*** Begin section ***
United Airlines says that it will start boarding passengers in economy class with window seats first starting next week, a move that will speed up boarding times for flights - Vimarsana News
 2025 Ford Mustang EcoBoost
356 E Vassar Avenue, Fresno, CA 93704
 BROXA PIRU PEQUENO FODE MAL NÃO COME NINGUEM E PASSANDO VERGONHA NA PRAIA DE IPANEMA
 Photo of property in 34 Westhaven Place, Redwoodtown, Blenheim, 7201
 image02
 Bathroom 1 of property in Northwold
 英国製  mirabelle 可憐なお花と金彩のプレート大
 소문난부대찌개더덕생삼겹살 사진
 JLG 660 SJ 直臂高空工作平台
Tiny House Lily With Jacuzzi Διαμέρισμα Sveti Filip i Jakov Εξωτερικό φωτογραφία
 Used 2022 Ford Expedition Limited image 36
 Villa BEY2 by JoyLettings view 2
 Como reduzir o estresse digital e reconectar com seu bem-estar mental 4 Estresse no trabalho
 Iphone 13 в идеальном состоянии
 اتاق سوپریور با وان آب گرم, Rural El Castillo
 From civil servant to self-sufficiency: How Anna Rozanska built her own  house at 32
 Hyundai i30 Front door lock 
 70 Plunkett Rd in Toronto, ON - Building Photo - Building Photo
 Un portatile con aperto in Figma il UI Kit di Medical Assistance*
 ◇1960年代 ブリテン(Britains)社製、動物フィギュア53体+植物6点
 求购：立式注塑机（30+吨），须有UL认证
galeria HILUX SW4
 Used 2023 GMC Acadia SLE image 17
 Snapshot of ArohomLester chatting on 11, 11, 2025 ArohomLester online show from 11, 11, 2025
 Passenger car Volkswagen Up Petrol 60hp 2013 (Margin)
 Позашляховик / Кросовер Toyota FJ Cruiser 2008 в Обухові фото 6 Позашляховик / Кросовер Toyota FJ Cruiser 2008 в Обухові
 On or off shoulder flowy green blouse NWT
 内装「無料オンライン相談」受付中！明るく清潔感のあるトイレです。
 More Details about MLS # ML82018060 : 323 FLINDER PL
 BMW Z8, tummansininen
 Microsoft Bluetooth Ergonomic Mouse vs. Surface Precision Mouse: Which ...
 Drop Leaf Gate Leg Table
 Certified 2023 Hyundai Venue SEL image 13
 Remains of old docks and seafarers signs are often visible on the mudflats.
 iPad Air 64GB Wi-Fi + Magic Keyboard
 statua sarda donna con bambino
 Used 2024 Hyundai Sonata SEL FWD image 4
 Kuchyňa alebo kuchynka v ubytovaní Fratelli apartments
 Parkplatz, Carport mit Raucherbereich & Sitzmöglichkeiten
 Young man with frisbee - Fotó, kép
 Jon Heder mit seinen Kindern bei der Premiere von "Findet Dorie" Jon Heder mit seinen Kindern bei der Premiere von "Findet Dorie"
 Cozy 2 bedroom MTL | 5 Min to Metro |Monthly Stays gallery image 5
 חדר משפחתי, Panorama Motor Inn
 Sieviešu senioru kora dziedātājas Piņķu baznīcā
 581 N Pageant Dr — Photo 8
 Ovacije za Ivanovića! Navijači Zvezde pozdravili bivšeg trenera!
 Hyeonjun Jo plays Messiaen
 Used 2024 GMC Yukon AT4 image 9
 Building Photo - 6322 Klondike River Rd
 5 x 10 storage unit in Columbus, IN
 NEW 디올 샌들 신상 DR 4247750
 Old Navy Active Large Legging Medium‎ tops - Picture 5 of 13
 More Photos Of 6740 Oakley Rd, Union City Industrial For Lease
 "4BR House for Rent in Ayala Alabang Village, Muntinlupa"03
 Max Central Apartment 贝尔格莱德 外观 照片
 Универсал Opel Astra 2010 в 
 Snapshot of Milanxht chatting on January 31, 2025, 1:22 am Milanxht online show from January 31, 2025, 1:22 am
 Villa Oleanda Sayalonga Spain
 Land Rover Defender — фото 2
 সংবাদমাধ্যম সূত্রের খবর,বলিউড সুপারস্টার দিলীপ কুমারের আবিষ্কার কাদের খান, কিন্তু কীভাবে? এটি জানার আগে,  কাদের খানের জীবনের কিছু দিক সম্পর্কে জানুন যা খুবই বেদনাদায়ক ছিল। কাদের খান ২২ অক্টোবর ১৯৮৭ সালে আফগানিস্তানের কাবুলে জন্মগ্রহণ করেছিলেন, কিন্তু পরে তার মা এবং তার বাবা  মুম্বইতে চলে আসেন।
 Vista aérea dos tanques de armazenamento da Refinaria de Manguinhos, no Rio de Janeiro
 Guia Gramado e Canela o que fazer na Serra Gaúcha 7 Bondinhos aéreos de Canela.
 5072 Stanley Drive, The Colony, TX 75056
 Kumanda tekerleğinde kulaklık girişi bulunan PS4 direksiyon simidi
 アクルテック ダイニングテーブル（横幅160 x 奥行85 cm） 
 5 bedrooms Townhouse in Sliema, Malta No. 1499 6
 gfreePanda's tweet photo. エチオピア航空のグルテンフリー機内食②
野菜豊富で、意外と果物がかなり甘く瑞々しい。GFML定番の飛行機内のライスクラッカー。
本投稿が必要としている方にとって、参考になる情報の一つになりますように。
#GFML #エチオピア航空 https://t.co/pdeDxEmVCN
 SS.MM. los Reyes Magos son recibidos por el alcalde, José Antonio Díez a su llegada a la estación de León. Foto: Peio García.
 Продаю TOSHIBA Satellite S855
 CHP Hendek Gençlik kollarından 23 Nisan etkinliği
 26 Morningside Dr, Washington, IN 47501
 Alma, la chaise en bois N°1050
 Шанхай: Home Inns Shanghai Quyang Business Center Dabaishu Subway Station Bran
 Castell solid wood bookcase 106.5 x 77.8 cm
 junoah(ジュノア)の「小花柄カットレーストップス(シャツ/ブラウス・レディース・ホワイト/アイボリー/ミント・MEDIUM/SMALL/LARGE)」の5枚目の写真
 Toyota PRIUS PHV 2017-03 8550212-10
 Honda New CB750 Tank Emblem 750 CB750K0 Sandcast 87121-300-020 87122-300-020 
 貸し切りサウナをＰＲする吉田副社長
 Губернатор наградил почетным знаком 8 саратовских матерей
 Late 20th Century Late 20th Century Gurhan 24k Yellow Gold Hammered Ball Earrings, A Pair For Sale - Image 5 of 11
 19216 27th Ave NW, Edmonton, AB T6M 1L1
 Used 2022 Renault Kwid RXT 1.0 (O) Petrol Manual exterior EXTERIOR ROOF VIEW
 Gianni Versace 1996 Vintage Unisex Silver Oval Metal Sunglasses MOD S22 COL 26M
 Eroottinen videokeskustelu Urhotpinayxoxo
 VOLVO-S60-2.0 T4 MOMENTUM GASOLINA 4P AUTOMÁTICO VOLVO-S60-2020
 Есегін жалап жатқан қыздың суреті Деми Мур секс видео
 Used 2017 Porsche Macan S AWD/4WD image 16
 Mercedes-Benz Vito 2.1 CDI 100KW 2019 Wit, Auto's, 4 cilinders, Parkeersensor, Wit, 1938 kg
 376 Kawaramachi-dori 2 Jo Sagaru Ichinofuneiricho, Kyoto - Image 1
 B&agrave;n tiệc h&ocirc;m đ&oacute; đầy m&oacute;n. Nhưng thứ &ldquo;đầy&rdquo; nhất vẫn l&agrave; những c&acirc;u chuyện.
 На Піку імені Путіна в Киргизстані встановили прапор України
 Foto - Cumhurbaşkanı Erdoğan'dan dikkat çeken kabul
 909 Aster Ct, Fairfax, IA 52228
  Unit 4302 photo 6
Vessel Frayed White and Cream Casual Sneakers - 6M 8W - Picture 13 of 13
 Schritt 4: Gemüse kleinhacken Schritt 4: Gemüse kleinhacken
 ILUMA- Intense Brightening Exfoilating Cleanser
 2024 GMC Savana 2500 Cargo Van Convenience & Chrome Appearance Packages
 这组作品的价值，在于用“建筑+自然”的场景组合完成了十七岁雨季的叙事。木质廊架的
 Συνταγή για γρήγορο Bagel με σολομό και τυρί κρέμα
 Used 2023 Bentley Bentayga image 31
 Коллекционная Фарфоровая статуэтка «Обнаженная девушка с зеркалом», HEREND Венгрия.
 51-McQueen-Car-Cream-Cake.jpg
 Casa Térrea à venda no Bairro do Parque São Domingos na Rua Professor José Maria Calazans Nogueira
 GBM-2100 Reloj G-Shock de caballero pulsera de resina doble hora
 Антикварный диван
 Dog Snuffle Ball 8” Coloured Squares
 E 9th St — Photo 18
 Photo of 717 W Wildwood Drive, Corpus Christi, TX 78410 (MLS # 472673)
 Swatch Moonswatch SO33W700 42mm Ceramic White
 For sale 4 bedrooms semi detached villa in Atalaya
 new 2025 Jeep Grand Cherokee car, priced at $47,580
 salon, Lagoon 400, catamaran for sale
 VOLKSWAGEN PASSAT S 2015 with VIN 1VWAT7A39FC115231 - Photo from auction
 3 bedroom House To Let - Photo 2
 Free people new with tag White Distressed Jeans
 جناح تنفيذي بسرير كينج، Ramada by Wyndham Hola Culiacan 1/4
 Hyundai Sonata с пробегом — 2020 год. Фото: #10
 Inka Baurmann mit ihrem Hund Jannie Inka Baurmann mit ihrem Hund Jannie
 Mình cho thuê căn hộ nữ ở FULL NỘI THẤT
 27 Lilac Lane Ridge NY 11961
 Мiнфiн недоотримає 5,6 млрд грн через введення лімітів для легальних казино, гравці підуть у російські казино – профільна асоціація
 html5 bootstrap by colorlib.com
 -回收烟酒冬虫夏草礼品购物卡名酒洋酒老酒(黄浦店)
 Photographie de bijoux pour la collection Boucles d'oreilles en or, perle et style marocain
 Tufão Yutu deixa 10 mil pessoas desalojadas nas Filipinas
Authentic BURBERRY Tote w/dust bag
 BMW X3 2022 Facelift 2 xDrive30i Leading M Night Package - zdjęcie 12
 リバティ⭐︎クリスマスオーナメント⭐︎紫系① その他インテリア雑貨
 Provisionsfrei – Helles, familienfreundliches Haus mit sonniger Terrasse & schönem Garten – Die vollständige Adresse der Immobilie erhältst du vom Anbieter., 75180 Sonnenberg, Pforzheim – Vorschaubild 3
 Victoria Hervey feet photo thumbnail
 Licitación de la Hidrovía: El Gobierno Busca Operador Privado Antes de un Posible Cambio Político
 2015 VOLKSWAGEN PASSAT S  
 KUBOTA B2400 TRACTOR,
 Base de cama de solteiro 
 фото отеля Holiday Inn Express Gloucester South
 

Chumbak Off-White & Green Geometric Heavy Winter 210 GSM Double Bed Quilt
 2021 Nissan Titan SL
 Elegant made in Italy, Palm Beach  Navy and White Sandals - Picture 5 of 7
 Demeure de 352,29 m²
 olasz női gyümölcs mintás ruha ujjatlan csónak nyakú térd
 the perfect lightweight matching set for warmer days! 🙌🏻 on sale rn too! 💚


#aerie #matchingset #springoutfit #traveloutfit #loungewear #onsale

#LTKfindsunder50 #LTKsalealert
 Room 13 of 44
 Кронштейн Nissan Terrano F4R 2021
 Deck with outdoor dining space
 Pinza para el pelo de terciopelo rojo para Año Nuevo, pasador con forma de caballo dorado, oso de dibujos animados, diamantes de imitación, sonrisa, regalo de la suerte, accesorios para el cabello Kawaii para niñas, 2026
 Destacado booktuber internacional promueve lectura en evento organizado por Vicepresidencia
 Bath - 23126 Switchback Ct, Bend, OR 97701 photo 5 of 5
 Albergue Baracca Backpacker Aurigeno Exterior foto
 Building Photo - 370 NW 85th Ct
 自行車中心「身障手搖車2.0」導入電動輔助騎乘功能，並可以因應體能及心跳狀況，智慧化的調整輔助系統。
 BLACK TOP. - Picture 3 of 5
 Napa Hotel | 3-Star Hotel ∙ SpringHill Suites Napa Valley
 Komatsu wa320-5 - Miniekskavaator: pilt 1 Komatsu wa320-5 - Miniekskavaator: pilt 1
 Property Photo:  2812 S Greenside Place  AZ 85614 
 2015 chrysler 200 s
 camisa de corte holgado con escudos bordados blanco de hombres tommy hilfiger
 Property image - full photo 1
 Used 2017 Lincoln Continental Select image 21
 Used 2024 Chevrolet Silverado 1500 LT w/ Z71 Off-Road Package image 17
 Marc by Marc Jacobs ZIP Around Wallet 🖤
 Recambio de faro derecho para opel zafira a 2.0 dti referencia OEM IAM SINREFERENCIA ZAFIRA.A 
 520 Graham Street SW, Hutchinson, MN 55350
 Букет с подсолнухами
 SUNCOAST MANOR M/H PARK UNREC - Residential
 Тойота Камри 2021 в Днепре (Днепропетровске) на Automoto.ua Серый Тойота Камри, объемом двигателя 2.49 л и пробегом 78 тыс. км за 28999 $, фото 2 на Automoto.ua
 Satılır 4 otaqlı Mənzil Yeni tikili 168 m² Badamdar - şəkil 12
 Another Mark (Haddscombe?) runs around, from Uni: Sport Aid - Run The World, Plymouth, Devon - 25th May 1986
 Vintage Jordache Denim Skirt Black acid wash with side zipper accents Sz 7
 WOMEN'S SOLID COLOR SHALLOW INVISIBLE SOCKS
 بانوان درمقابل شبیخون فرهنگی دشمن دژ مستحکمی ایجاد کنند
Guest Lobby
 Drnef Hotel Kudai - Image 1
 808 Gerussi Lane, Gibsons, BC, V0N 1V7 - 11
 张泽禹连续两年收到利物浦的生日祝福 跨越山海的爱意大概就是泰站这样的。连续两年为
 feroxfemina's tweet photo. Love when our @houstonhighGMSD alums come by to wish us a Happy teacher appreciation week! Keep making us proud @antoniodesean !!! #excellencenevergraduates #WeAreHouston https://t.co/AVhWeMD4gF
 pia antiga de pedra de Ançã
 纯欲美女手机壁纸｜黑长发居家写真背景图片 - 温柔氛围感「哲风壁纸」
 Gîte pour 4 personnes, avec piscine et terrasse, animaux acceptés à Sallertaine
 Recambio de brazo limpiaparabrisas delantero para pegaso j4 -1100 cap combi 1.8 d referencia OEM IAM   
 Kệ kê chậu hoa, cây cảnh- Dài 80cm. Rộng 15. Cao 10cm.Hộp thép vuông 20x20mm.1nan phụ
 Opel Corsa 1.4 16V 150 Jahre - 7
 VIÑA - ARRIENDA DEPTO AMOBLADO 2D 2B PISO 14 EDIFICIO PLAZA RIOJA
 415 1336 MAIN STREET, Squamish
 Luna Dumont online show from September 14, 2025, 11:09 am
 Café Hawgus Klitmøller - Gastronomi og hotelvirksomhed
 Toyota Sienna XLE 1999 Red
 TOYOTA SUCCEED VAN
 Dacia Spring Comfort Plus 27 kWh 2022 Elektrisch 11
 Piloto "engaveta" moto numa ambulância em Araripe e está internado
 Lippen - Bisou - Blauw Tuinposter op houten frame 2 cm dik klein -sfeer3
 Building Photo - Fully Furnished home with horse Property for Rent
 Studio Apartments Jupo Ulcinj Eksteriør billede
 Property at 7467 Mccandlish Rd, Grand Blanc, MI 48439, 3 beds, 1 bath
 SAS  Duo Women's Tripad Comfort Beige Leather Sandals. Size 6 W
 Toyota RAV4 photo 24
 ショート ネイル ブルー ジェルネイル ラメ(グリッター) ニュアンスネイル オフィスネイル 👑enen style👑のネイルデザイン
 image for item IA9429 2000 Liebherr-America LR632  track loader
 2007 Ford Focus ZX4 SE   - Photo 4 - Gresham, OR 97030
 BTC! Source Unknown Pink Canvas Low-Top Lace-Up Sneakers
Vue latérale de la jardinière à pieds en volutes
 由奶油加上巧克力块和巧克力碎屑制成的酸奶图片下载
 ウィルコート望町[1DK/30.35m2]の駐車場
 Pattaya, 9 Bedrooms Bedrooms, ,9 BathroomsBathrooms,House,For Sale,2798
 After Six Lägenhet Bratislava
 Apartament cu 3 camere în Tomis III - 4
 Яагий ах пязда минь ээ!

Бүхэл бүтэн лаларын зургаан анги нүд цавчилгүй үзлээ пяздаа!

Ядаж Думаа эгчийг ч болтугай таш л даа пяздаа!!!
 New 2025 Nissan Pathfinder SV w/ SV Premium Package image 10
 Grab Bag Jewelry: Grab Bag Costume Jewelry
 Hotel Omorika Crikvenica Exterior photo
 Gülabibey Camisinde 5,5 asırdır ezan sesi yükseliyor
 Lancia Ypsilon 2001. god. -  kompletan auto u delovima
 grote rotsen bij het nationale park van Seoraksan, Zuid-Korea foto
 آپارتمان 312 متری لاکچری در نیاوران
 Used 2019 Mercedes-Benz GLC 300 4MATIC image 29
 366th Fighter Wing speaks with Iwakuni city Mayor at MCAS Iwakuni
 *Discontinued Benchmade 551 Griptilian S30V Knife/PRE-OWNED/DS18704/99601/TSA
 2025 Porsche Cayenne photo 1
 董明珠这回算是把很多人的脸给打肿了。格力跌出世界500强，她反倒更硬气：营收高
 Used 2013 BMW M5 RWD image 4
*** End section ***
_PROMPT_
Write out word for word only the lines from the start of the entries down to the line with "Un portatile con", please, including both ends.

_EXPECTED OUTPUT_
United Airlines says that it will start boarding passengers in economy class with window seats first starting next week, a move that will speed up boarding times for flights - Vimarsana News
 2025 Ford Mustang EcoBoost
356 E Vassar Avenue, Fresno, CA 93704
 BROXA PIRU PEQUENO FODE MAL NÃO COME NINGUEM E PASSANDO VERGONHA NA PRAIA DE IPANEMA
 Photo of property in 34 Westhaven Place, Redwoodtown, Blenheim, 7201
 image02
 Bathroom 1 of property in Northwold
 英国製  mirabelle 可憐なお花と金彩のプレート大
 소문난부대찌개더덕생삼겹살 사진
 JLG 660 SJ 直臂高空工作平台
Tiny House Lily With Jacuzzi Διαμέρισμα Sveti Filip i Jakov Εξωτερικό φωτογραφία
 Used 2022 Ford Expedition Limited image 36
 Villa BEY2 by JoyLettings view 2
 Como reduzir o estresse digital e reconectar com seu bem-estar mental 4 Estresse no trabalho
 Iphone 13 в идеальном состоянии
 اتاق سوپریور با وان آب گرم, Rural El Castillo
 From civil servant to self-sufficiency: How Anna Rozanska built her own  house at 32
 Hyundai i30 Front door lock 
 70 Plunkett Rd in Toronto, ON - Building Photo - Building Photo
 Un portatile con aperto in Figma il UI Kit di Medical Assistance*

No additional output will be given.